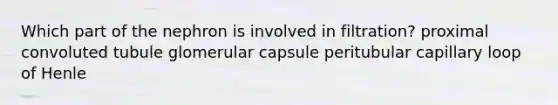 Which part of the nephron is involved in filtration? proximal convoluted tubule glomerular capsule peritubular capillary loop of Henle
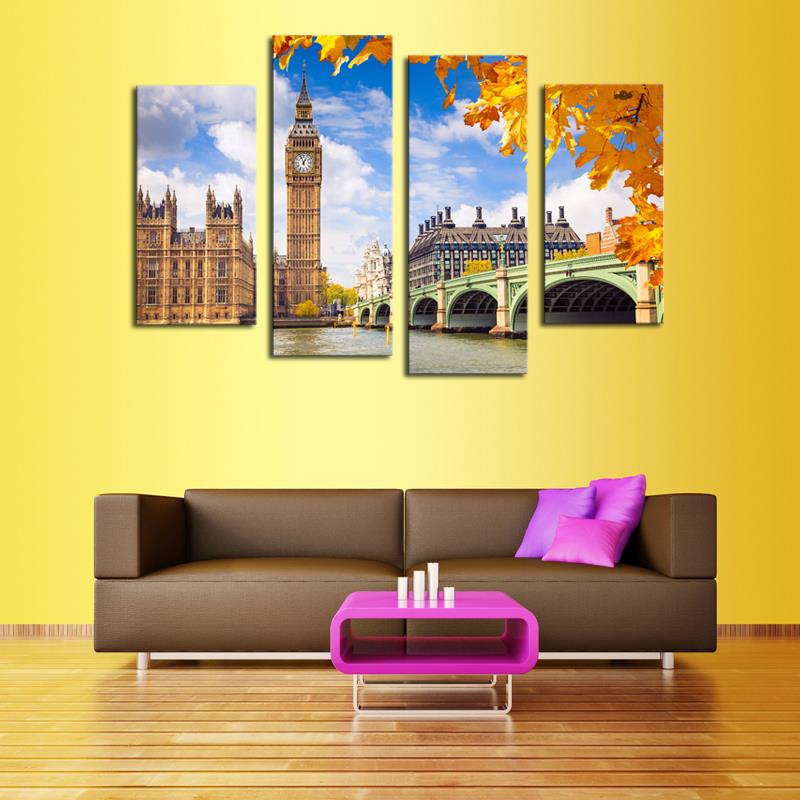 unframed 4 pcs classical building landscape wall art picture home decoration for living room canvas print painting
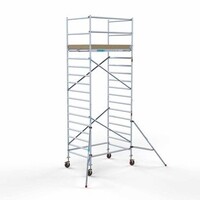 Euroscaffold Abschließbarer Gerüstanhänger + Basis Rollgerüst 135 x 190 x 6,2 Meter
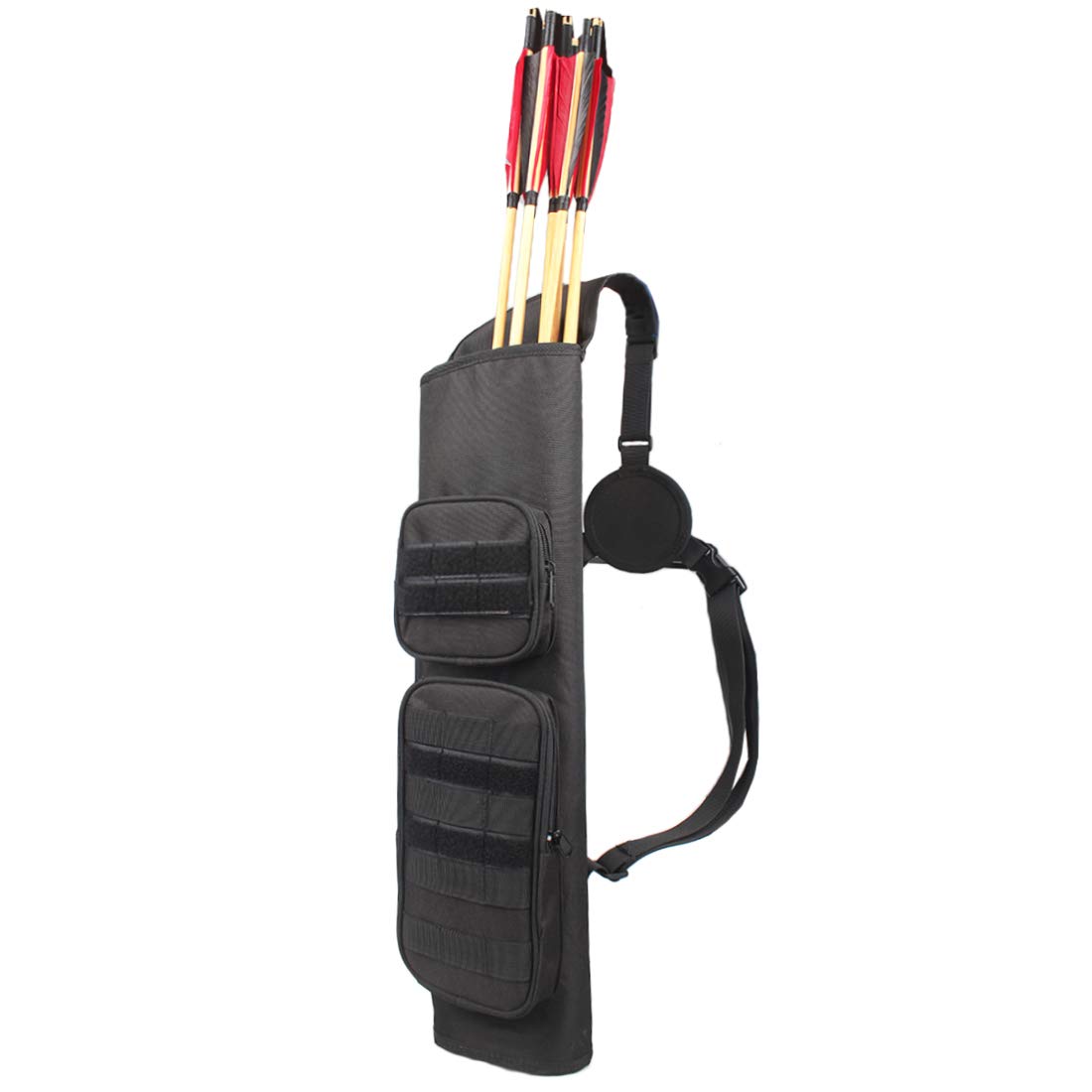 MAGARROW Archery Back Freccia Faretra Regolabile Molle Frecce con Grande Tasca portaoggetti per Caccia, Bersaglio e tiro, Nero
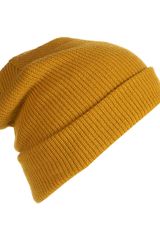 Topman Mustard Turn Up Beanie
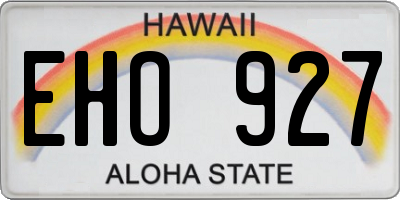 HI license plate EHO927
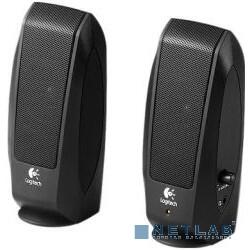 Logitech S120 Black 980-000010 {Колонки 2.0, 2x1.15W, 50 Гц – 20 кГц, гнездо для наушников, OEM}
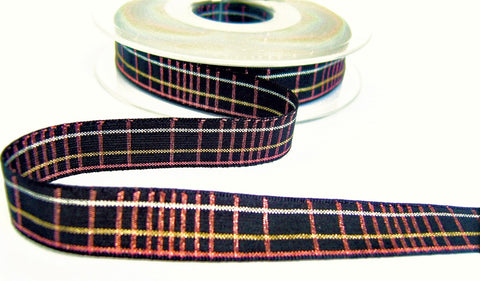 R9476 15mm Black and Metallic Pink-Gold-Silver Plaid Ribbon,Berisfords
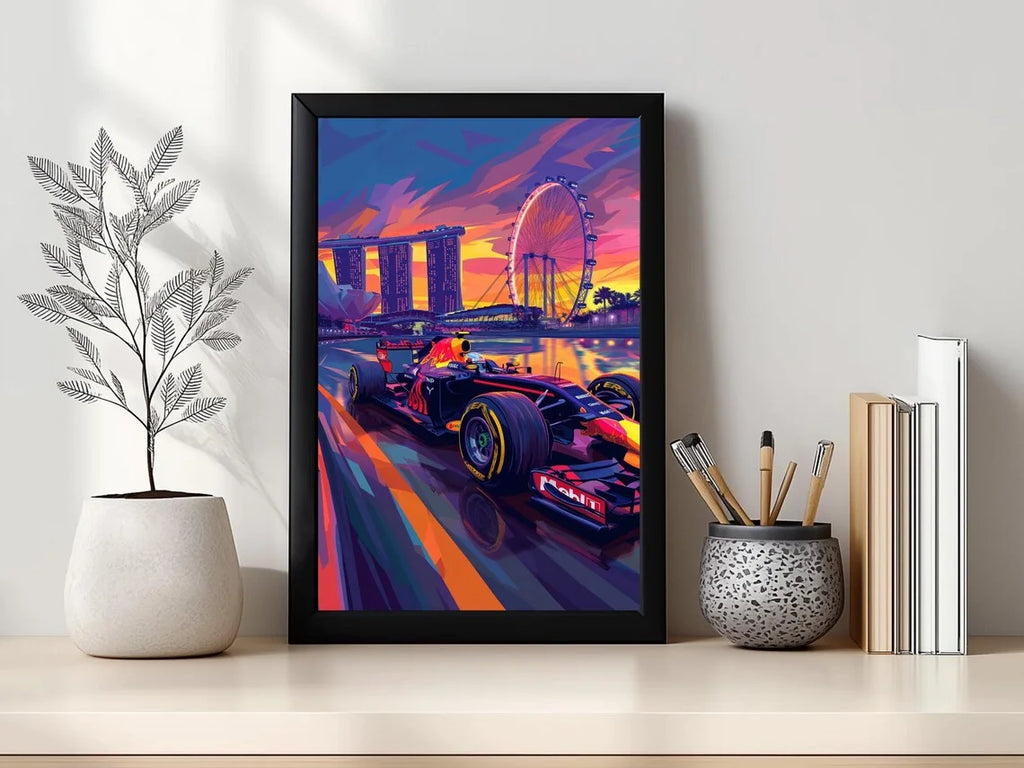 Singapore Night Race Wall Art Print
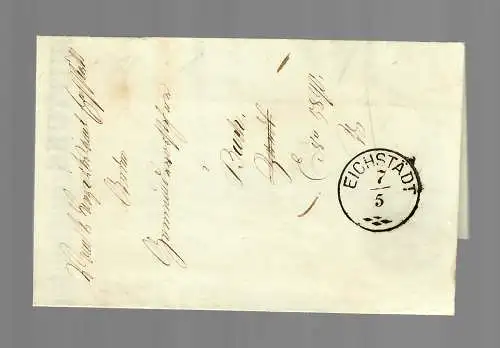 Eichstädt 1868, lettre partielle Bayr. Association d'assistance aux invalides
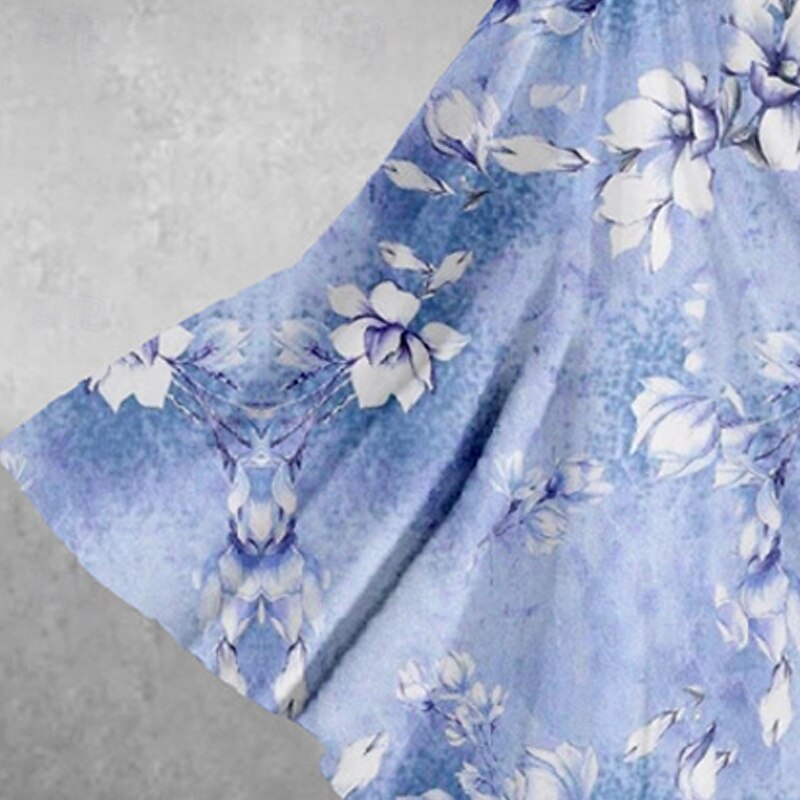 Women's Midi Dress Casual Dress Summer Dress Fashion Modern Daily Beach Weekend Regular Fit Floral Short Sleeve V Neck Blue Spring Fall3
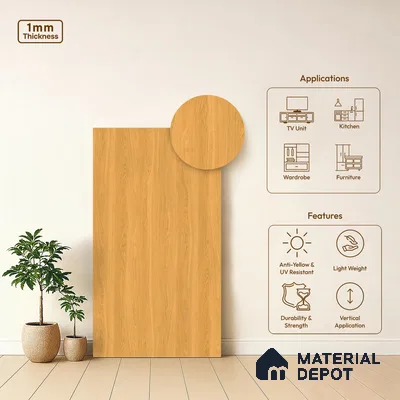Wooden Look LM 21002 8 ft x 4 ft Texture Finish Decorative Laminate - 1 mm | Suitable for TV Unit, Wardrobe, Kitchen Cabinets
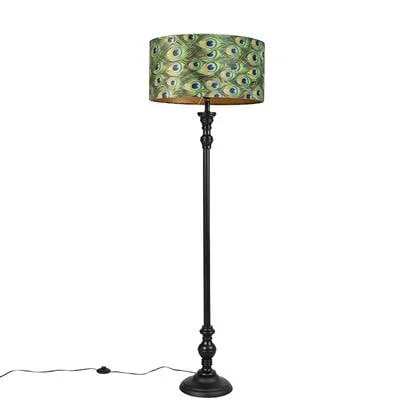 QAZQA Vloerlamp zwart met velours kap pauw goud 50 cm - Classico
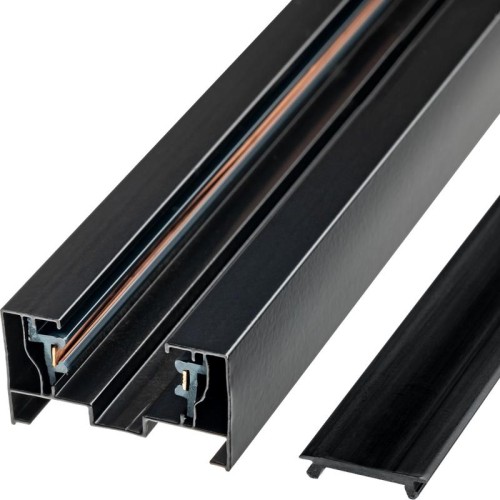 Шинопровод трековый накладной 1ф ARTLINE с питанием и заглушкой 1м алюм./медь с держателями с пласти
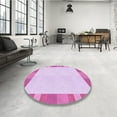 thumbnail image 4 of Ahgly Company Machine Washable Indoor Square Transitional Blossom Pink Area Rugs, 8' Square, 4 of 7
******************************
(Exercise) Without any of its pictures, the listing is to be repeated exactly as it stands.

(Exercise solution)
 Which part of the nephron is involved in filtration? proximal convoluted tubule glomerular capsule peritubular capillary loop of Henle
 unframed 4 pcs classical building landscape wall art picture home decoration for living room canvas print painting
 Euroscaffold Abschließbarer Gerüstanhänger + Basis Rollgerüst 135 x 190 x 6,2 Meter
 MAGARROW Archery Back Freccia Faretra Regolabile Molle Frecce con Grande Tasca portaoggetti per Caccia, Bersaglio e tiro, Nero
 Topman Mustard Turn Up Beanie
 HI license plate EHO927
 Logitech S120 Black 980-000010 {Колонки 2.0, 2x1.15W, 50 Гц – 20 кГц, гнездо для наушников, OEM}
 R9476 15mm Black and Metallic Pink-Gold-Silver Plaid Ribbon,Berisfords
 Singapore Night Race Wall Art Print
 Eichstädt 1868, lettre partielle Bayr. Association d'assistance aux invalides
 Women's Midi Dress Casual Dress Summer Dress Fashion Modern Daily Beach Weekend Regular Fit Floral Short Sleeve V Neck Blue Spring Fall3
Wooden Look LM 21002 8 ft x 4 ft Texture Finish Decorative Laminate - 1 mm | Suitable for TV Unit, Wardrobe, Kitchen Cabinets
 QAZQA Vloerlamp zwart met velours kap pauw goud 50 cm - Classico
 Шинопровод трековый накладной 1ф ARTLINE с питанием и заглушкой 1м алюм./медь с держателями с пласти
 thumbnail image 4 of Ahgly Company Machine Washable Indoor Square Transitional Blossom Pink Area Rugs, 8' Square, 4 of 7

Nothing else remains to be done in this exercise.